Exercise details: Below are the entries. Transcribe exactly the lines from the one with "Thanks for tuning" through the one with "So we're going", ends included, and leave out all others.

Dataset extract:
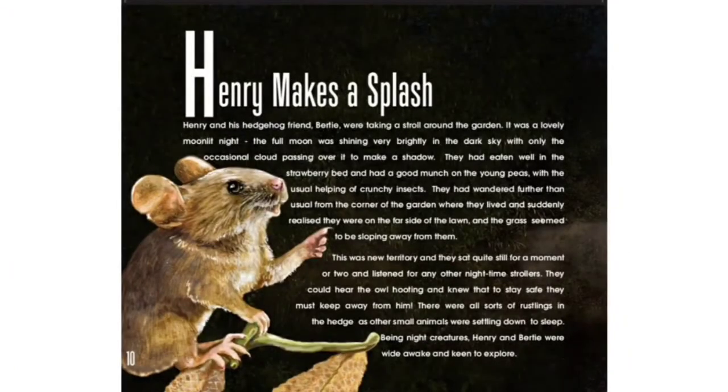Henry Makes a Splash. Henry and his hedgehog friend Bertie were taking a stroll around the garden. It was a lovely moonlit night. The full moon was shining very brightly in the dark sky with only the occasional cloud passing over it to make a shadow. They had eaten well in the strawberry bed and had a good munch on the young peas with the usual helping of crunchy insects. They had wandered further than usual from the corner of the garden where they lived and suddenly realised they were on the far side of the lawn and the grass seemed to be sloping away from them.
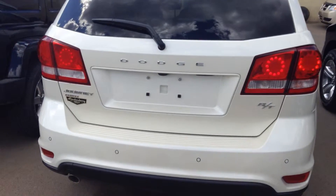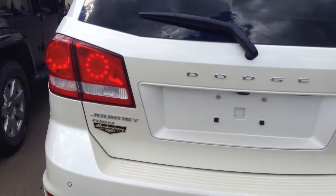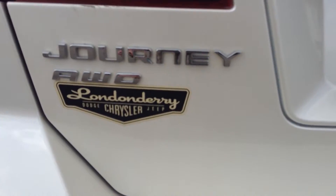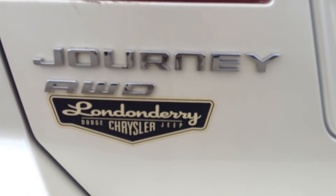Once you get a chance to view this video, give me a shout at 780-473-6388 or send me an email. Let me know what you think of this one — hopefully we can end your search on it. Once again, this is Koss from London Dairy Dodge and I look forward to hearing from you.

==

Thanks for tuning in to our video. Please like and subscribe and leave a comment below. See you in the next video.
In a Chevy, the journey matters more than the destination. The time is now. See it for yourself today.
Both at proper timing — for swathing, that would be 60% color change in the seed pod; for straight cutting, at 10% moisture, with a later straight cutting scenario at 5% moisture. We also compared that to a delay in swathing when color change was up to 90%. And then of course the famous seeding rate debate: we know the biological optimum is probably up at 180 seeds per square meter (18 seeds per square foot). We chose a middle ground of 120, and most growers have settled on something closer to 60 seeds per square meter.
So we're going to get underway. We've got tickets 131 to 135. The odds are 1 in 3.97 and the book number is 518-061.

--

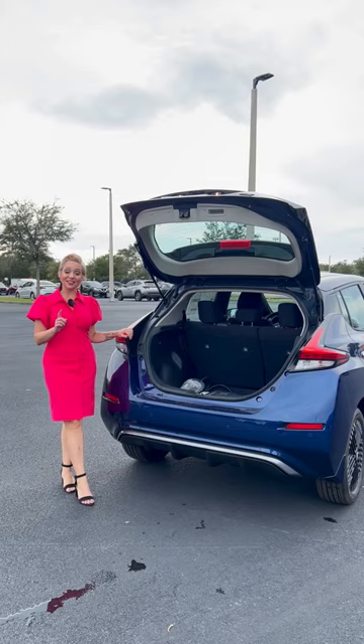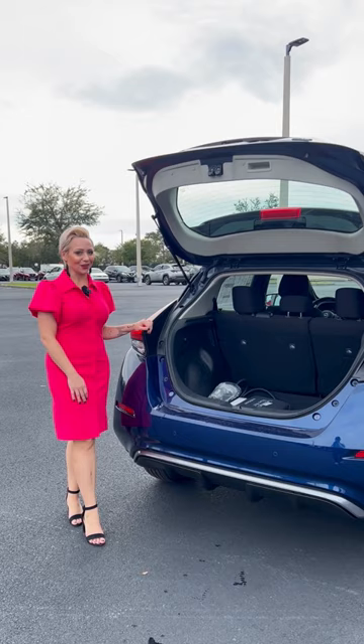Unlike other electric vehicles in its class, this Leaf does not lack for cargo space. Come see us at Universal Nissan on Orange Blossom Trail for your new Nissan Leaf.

Result of the exercise:
Thanks for tuning in to our video. Please like and subscribe and leave a comment below. See you in the next video.
In a Chevy, the journey matters more than the destination. The time is now. See it for yourself today.
Both at proper timing — for swathing, that would be 60% color change in the seed pod; for straight cutting, at 10% moisture, with a later straight cutting scenario at 5% moisture. We also compared that to a delay in swathing when color change was up to 90%. And then of course the famous seeding rate debate: we know the biological optimum is probably up at 180 seeds per square meter (18 seeds per square foot). We chose a middle ground of 120, and most growers have settled on something closer to 60 seeds per square meter.
So we're going to get underway. We've got tickets 131 to 135. The odds are 1 in 3.97 and the book number is 518-061.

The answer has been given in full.